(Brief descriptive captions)
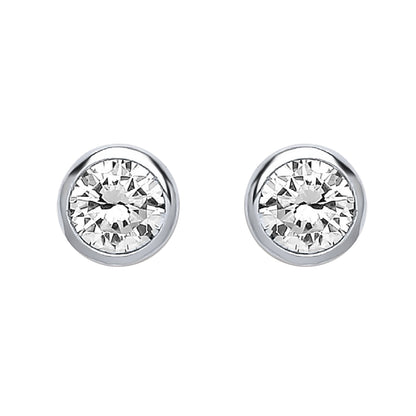 Silver  CZ Bubble Solitaire Stud Earrings 4mm - PS-RD4
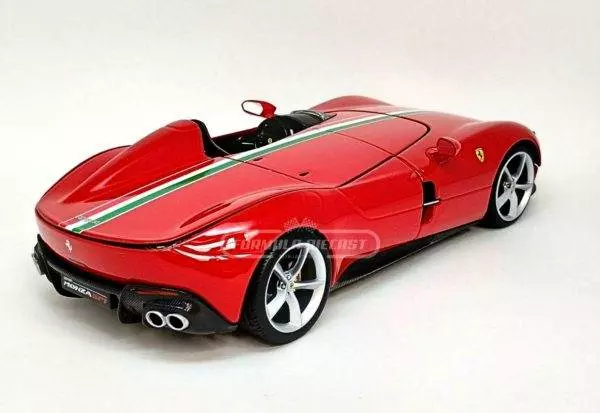 Miniatura de carro Ferrari Monza SP1 2019, Vermelho, escala 1:18, marca Bburago Signature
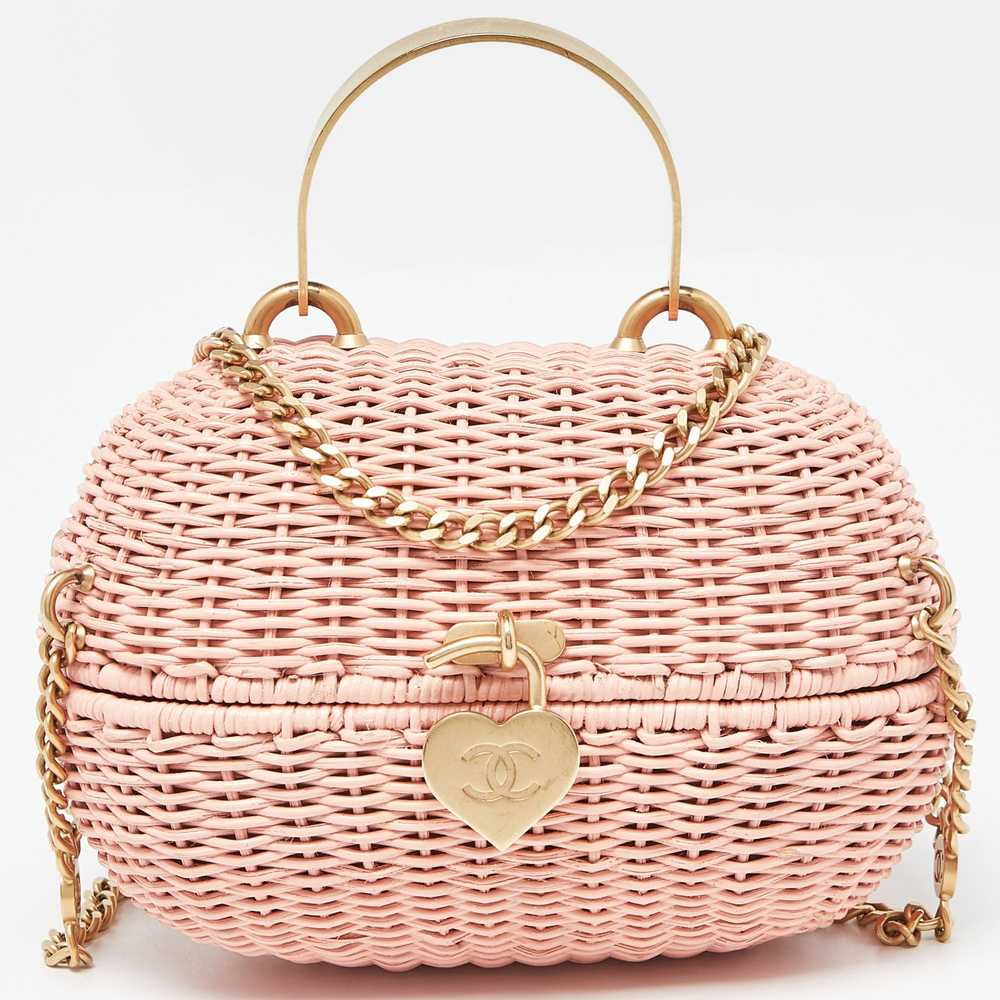 CHANEL Pink Wicker Oval Locket Basket Chain Bag - image 1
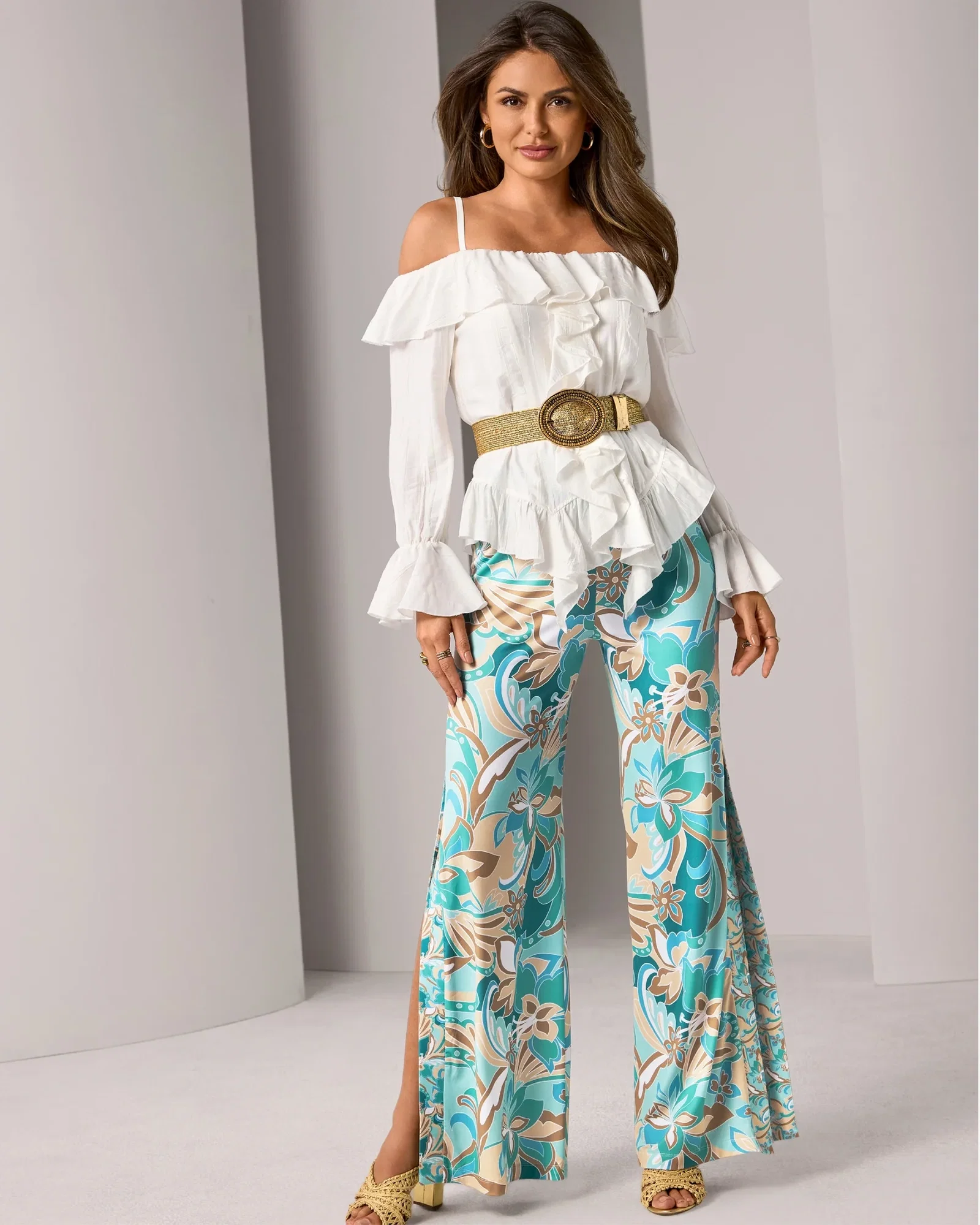 Image of Border Abstract Print Side Slit Pant Agua Abstract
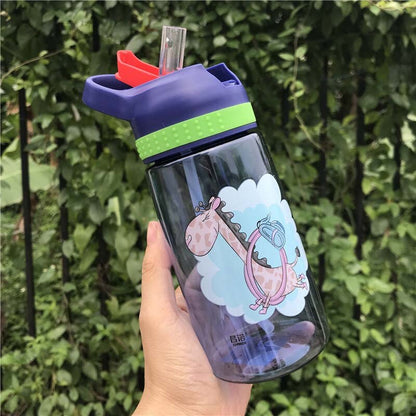 WBP0048 Portable Plastic Water Bottles with Straw for Kids - 450ml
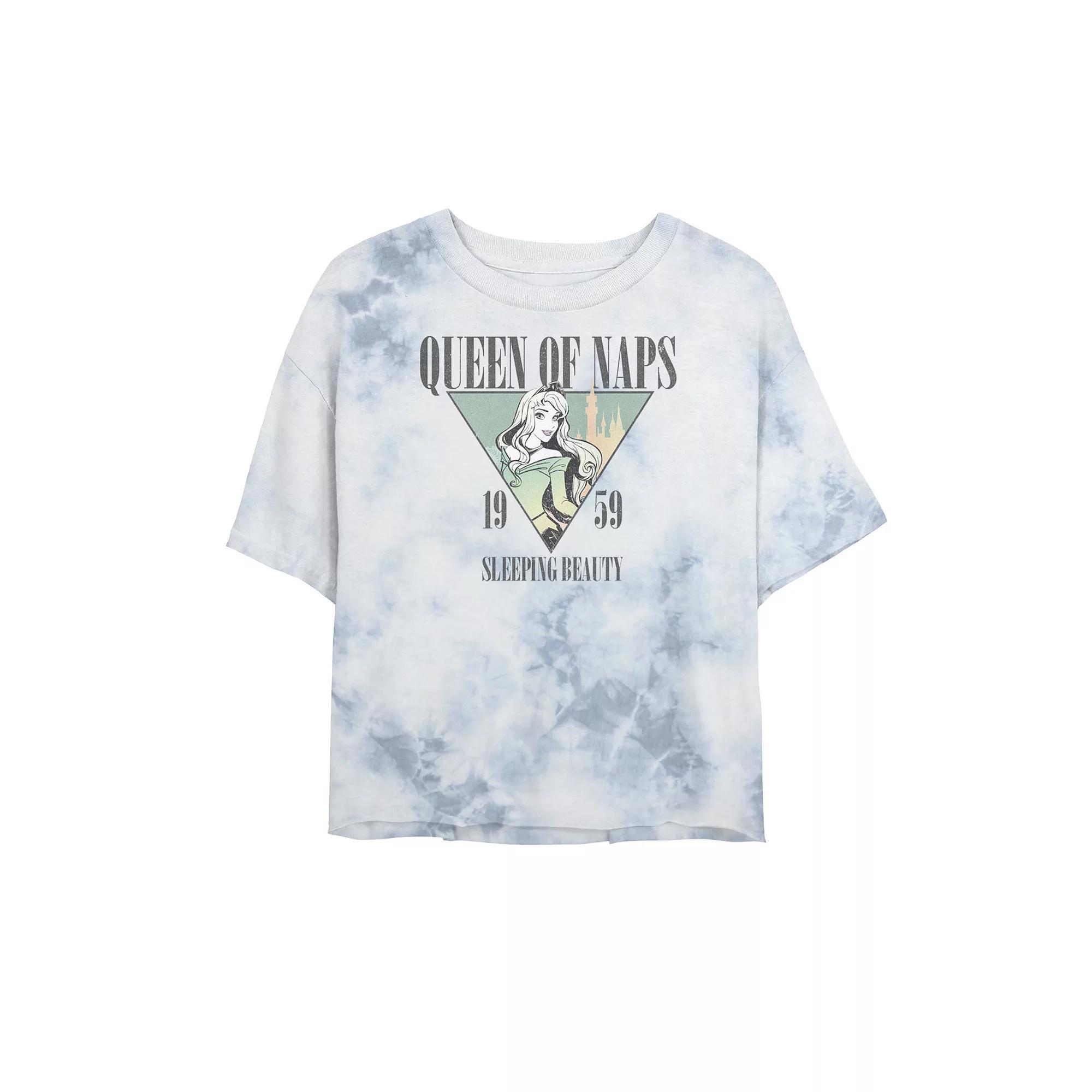 Juniors' Disney Princess Sleeping Beauty Nap Queen 1959 Bombard Wash Crop Graphic Tee, Women's, Size: Small, White Blue Product Image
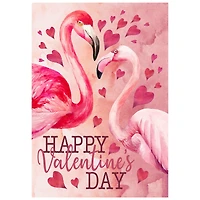 Happy Valentine's Day Flamingo Outdoor Garden Flag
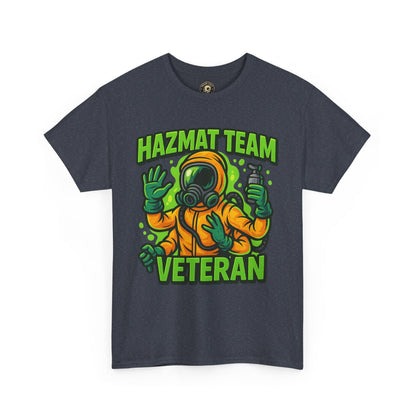 Hazmat Team Veteran T-Shirt – Neon New School Biohazard Graphic Tee | Gildan 5000 Sci-Fi Cotton Shirt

> [WORK ORDER]:
Leave out the pictures, and retype exactly the lines from the one containing "CHANEL Pink Wicker" through the last line of the data above, no more and no less.

> [EXPECTED ANSWER]:
 CHANEL Pink Wicker Oval Locket Basket Chain Bag - image 1
 Image of Border Abstract Print Side Slit Pant Agua Abstract
 WBP0048 Portable Plastic Water Bottles with Straw for Kids - 450ml
 Juniors' Disney Princess Sleeping Beauty Nap Queen 1959 Bombard Wash Crop Graphic Tee, Women's, Size: Small, White Blue Product Image
 Happy Valentine's Day Flamingo Outdoor Garden Flag
 Hazmat Team Veteran T-Shirt – Neon New School Biohazard Graphic Tee | Gildan 5000 Sci-Fi Cotton Shirt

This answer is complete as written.